Einstein’s views—both his approach to science and the way in which he expresses his religiosity—do not follow the path usually taken in science and religion dialogue today. This is largely due to the fact that Einstein’s highly technical epistemology (the theory of knowledge by which we come to justify claims about the world) does not easily lend itself to supporting either supernaturalistic religious ideas or the blunt scientific materialism which often stands opposed to them. Einstein’s epistemology simply does not fit into this dichotomous framework.

 

Dr Woolley puts these points into the wider context of Einstein’s life and thought with two sections:

The importance of epistemological contexts:

(Einstein) considers all thought in terms of ‘categories’ or ‘schemes of thought’. Even the distinction between ‘subjective’ and ‘objective’ marks only a distinction between schemes…

(The) subtle scheme which underpins, as Einstein puts, the ‘programmatically fixed sphere of thought [in which] we are thinking physically’, underlies all which, in Einstein’s view, is to be considered ‘scientific’.  It demarcates a distinction between scientific and other forms of knowledge.

We find that, whereas scientific knowledge is achieved by scrutinizing relations within that ‘fixed sphere’, religious thought for Einstein begins when one recognizes a limit within the sphere.
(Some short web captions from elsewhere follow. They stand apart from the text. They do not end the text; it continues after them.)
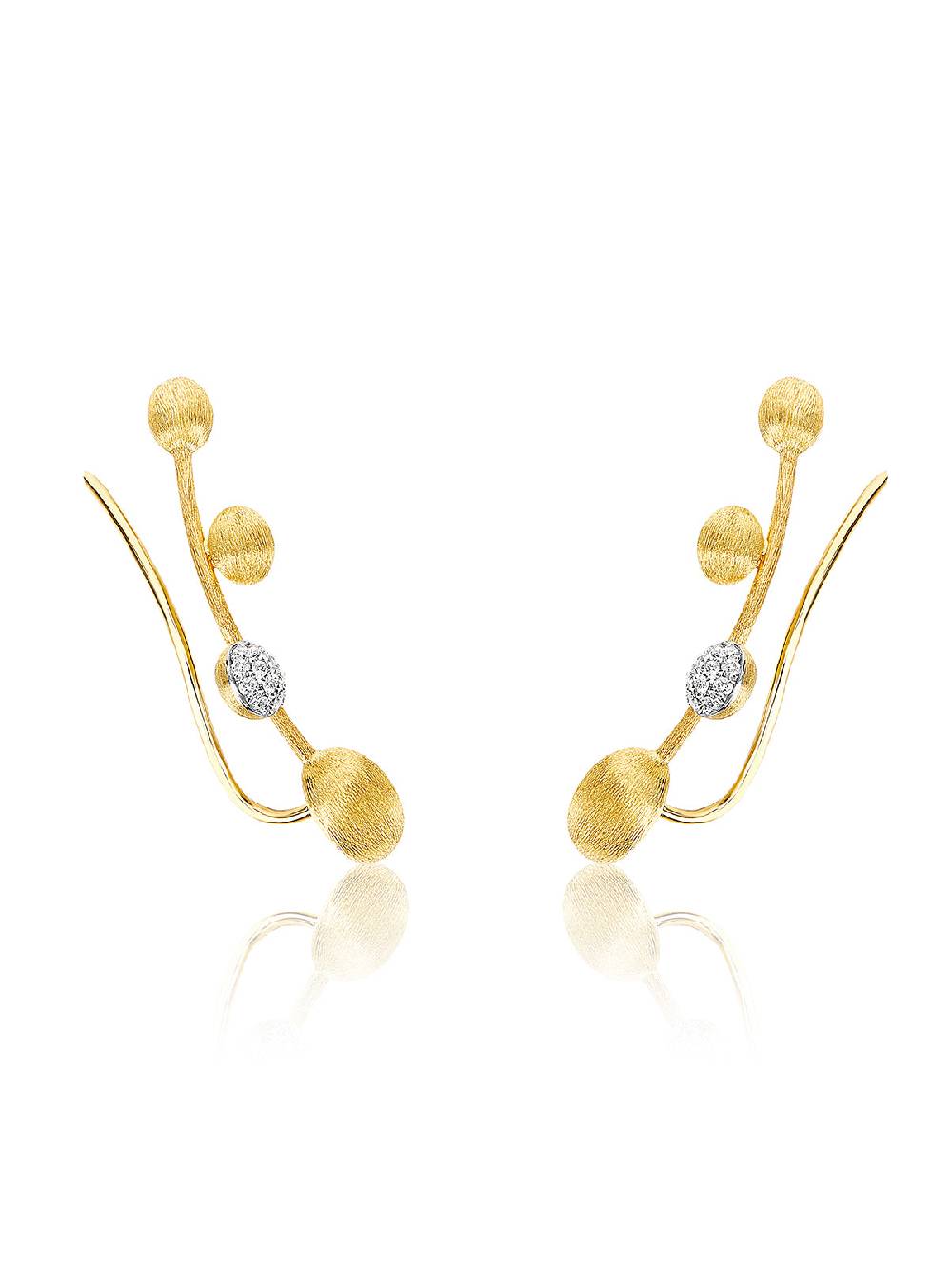 Nanis Orecchini "DANCING ÉLITE" a ramoscello in oro e diamanti – Nanis Italian Jewels Sconti VIP
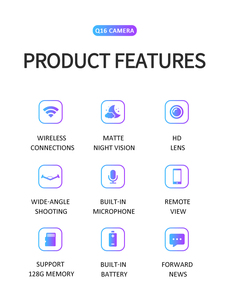 Q16 Mini Smart Wireless hd <strong>Camera</strong> 6h Long Time Video Record Built in Microphone Remote View Wifi Lens Wide Angle <strong>Camera</strong> - Product Image 3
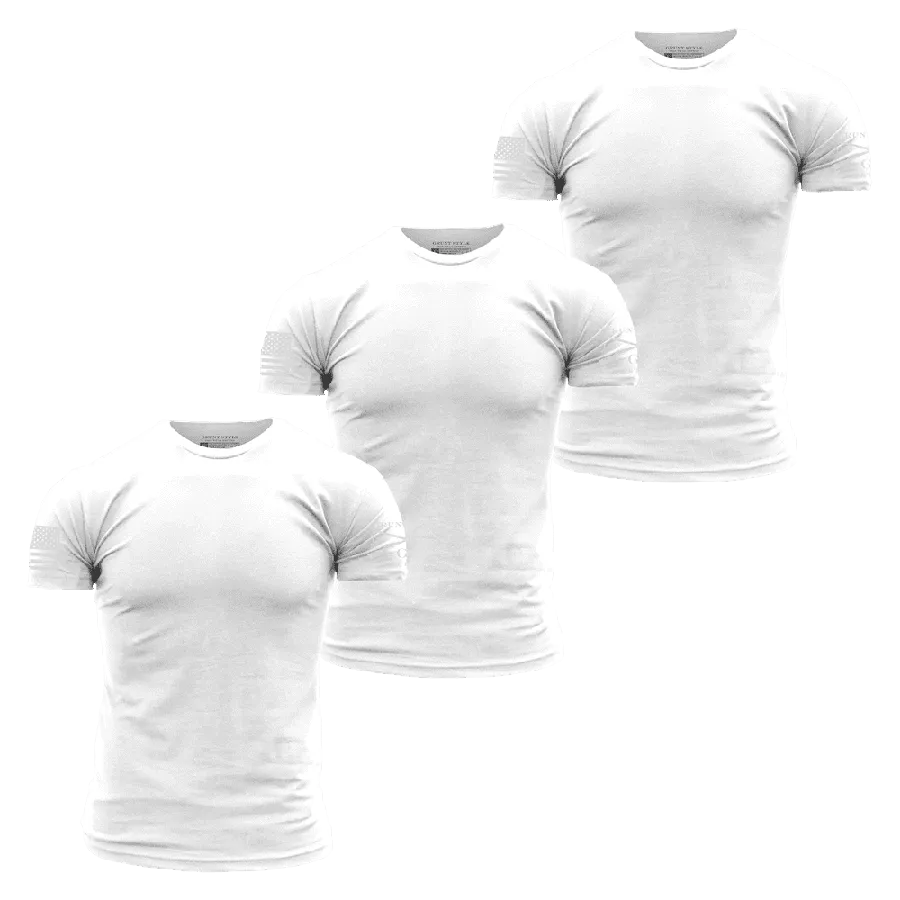 Basic T-Shirts - White - 3 Pack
Consciousness of this limit forms the foundation of Einstein’s ‘cosmic religion’.

We see the significance of this limit most directly in Einstein’s ‘religious credo’. Here, he claims that beyond all the conceptual structures by which we know the world, one can become aware of a profound mystery to existence.

…One does not become aware of this ‘mystery’ by rejecting scientific knowledge, but by embracing it—embracing its foundations, its scope, and ultimately its self-revealed logical limits.

The awareness of this mystery, this limit to knowledge, is what engenders Einstein’s profoundly felt religiosity. For instance, when asked if he believes in God, Einstein responds:

“I am not an atheist. I do not know if I can define myself as a pantheist. The problem involved is too vast for our limited minds . . . The human mind, no matter how highly trained, cannot grasp the universe.”

The importance of historical contexts:

Dr Woolley suggests that to fully appreciate Einstein’s religious writings on the interwoven themes of ‘mystery’, ‘reason in nature’, ‘religious feeling’, necessitates going into considerable philosophical depth and looking back at the nineteenth- and early twentieth-century philosophical movements in which Einstein’s views developed.

He introduces some of the historical contexts by looking briefly at the work of three Einstein scholars, Gerald Holton, Max Jammer, and Don Howard and suggests that:

After ‘mystery’ a concern for ethics is the most prominent aspect of Einstein’s religious writings … (and that) Einstein’s religious views while still being influence by traditional religious systems do not lend themselves easily to questions stemming from a supernaturalist metaphysics … (Appreciating this means) we will not make the error of hastily assuming that, because the focus is not supernaturalist metaphysics, Einstein’s ‘cosmic religion’ is merely romanticized scientism.

 

To summarise

In summary, questions related to supernaturalist metaphysics, however that may be defined, are not those best suited to bring to interpretations of Einstein’s religiosity. Such questions undermine the way in which Einstein frames his statements on religion. They tend to overlook the subtleties involved in his epistemology of science and ignore the (historical and ethical context) in which his religious thinking developed.

Einstein emphasizes that religion, not science, is where a culture finds the source and expression for what should be, rather than what is.